§ **Goal of the exercise**
What is needed is every line from the one holding "message in MacBook." to the last line of the data below, printed exactly and without pictures.

§ **Materials provided**
☆ ☆ ☆ ☆ ☆ ☆ ☆
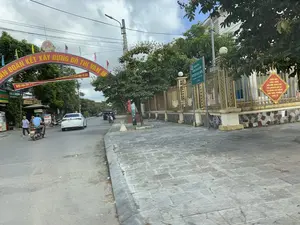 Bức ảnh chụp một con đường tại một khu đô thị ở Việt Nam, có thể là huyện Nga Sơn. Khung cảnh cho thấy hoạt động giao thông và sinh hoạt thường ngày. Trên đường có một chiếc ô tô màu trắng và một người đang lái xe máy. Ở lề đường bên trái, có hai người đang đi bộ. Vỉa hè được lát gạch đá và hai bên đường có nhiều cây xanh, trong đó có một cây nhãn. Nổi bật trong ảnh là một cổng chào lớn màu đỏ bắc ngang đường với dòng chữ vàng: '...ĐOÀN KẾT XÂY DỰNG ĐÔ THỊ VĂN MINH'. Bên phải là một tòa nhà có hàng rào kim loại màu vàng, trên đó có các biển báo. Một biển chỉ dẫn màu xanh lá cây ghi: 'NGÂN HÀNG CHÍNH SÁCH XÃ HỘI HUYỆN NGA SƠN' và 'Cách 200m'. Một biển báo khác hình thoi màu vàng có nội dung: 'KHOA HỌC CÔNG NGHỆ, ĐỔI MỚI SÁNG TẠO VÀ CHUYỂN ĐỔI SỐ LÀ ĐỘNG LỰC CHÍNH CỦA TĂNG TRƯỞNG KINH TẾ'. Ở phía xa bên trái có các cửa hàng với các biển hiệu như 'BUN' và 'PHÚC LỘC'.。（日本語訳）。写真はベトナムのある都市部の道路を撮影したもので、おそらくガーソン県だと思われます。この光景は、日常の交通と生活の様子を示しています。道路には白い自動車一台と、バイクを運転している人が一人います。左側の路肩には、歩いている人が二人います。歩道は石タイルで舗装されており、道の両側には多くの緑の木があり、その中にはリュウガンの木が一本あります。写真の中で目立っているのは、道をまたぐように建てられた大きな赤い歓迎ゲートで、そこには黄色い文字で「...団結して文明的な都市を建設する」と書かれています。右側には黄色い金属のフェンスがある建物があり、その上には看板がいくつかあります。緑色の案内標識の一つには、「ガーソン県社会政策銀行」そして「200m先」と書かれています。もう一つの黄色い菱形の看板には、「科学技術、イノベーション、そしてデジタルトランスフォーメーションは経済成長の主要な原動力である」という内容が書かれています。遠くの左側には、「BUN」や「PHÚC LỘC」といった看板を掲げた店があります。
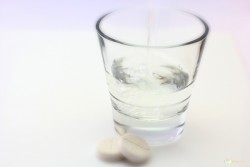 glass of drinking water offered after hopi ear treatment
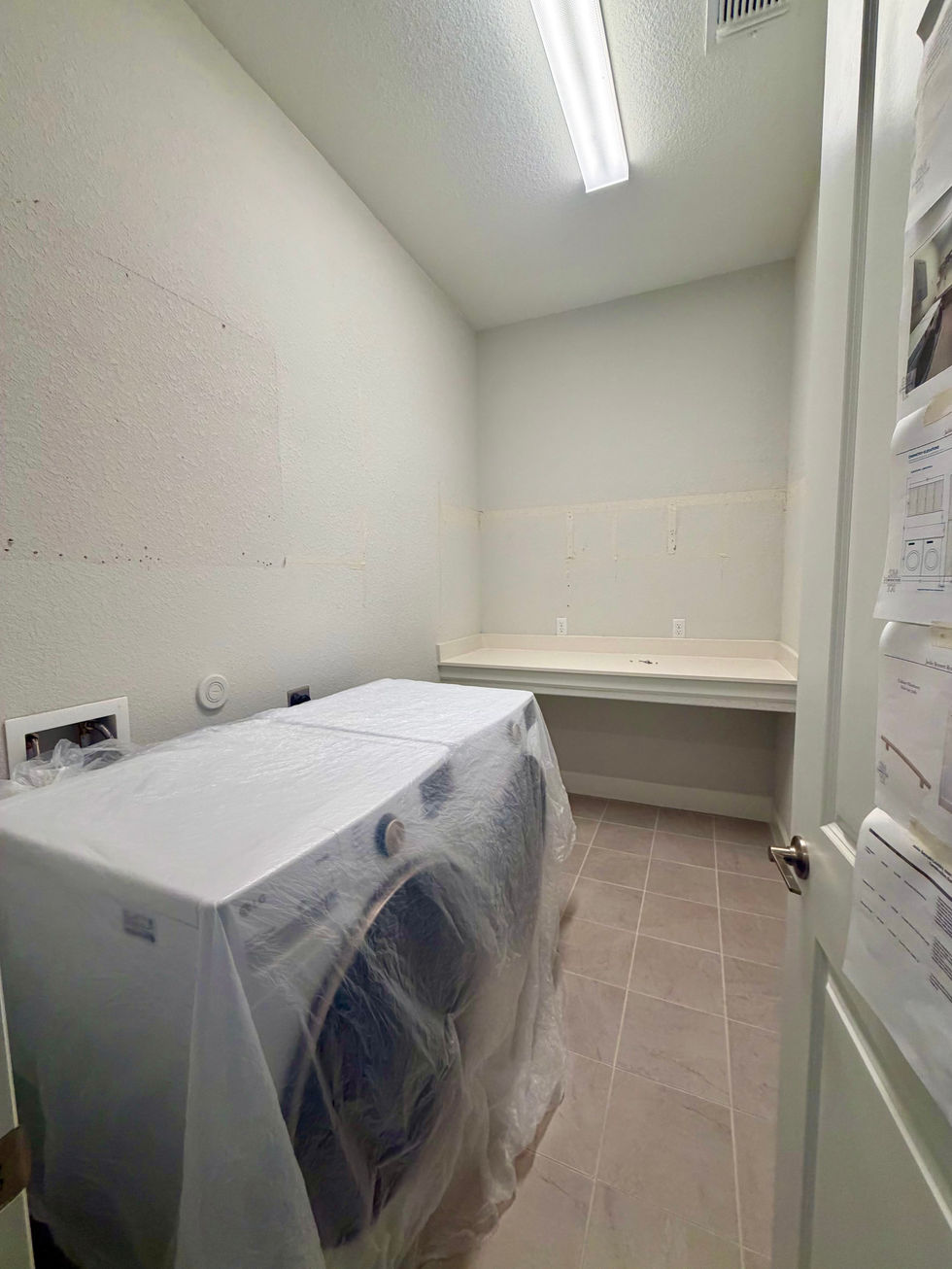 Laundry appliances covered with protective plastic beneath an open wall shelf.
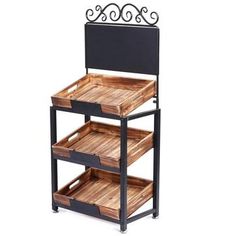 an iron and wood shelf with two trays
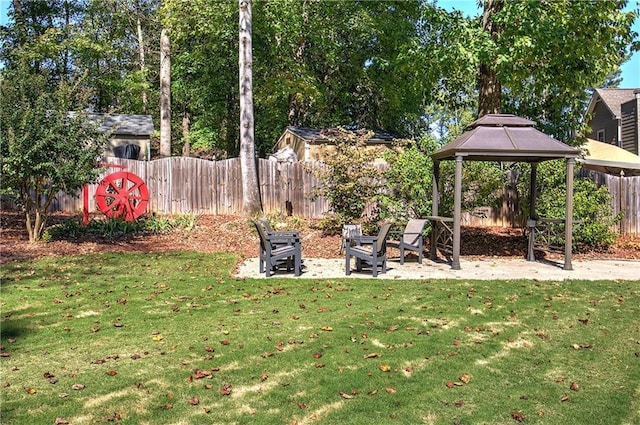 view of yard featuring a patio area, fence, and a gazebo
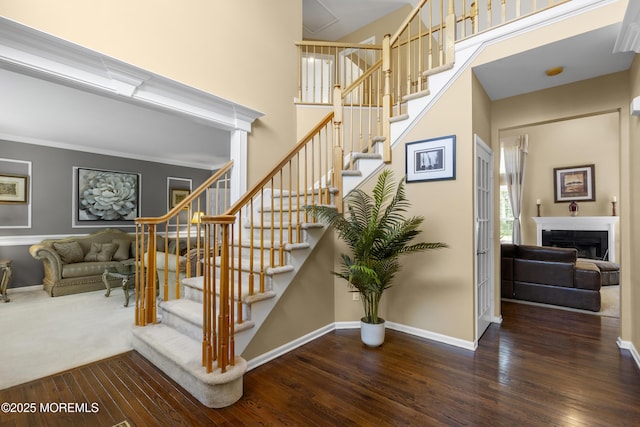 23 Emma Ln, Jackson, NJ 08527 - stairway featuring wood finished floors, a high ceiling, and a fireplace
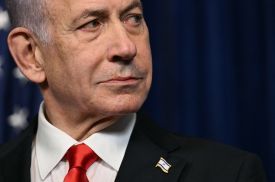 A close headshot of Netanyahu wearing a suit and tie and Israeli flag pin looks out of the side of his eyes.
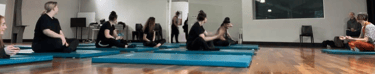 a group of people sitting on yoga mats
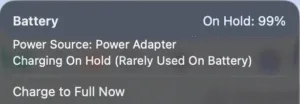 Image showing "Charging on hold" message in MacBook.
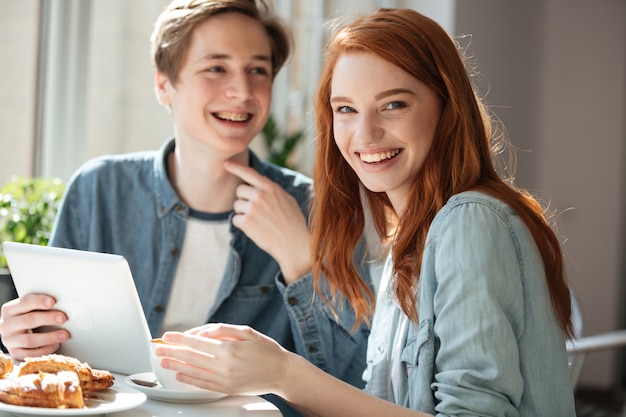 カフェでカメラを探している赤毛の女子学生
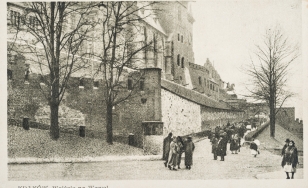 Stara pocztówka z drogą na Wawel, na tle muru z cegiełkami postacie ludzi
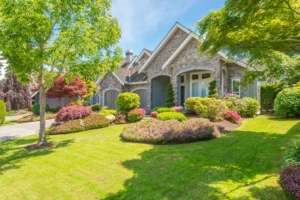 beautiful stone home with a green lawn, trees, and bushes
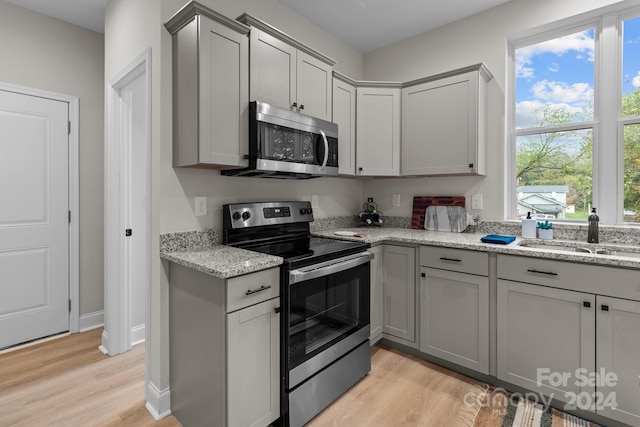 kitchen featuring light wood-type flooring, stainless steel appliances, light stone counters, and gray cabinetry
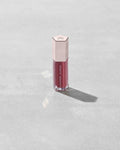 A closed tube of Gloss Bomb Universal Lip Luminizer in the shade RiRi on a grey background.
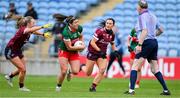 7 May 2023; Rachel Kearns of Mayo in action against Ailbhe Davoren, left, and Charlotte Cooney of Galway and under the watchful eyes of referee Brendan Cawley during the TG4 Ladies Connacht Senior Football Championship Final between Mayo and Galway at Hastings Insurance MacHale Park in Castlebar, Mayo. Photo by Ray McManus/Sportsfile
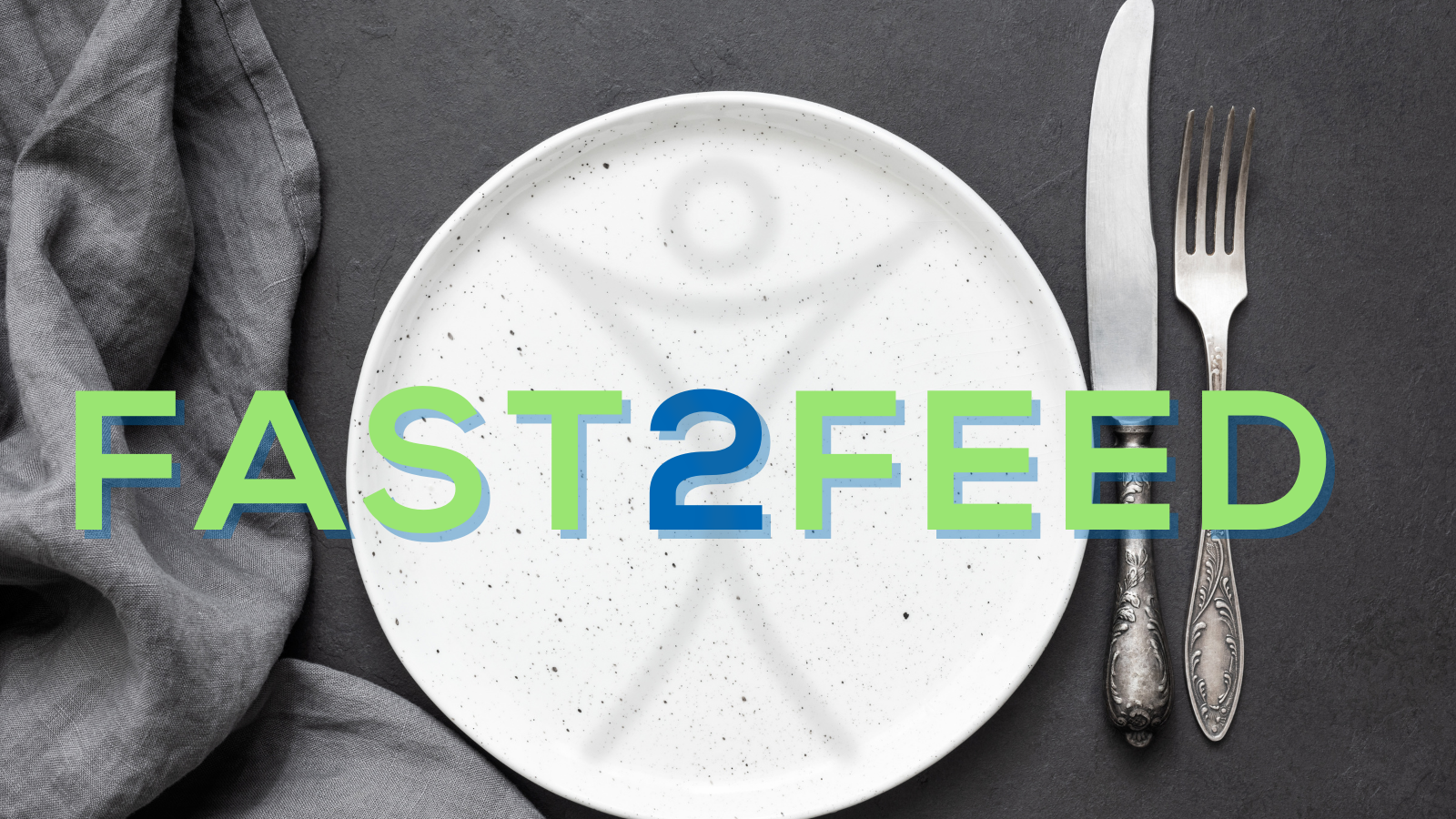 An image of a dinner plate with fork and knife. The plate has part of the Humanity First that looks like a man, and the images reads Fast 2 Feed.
☆ ☆ ☆ ☆ ☆ ☆ ☆
§ **Solution to this problem**
 Image showing "Charging on hold" message in MacBook.
 カフェでカメラを探している赤毛の女子学生
 Stara pocztówka z drogą na Wawel, na tle muru z cegiełkami postacie ludzi
 beautiful stone home with a green lawn, trees, and bushes
 kitchen featuring light wood-type flooring, stainless steel appliances, light stone counters, and gray cabinetry
 A closed tube of Gloss Bomb Universal Lip Luminizer in the shade RiRi on a grey background.
 7 May 2023; Rachel Kearns of Mayo in action against Ailbhe Davoren, left, and Charlotte Cooney of Galway and under the watchful eyes of referee Brendan Cawley during the TG4 Ladies Connacht Senior Football Championship Final between Mayo and Galway at Hastings Insurance MacHale Park in Castlebar, Mayo. Photo by Ray McManus/Sportsfile
 An image of a dinner plate with fork and knife. The plate has part of the Humanity First that looks like a man, and the images reads Fast 2 Feed.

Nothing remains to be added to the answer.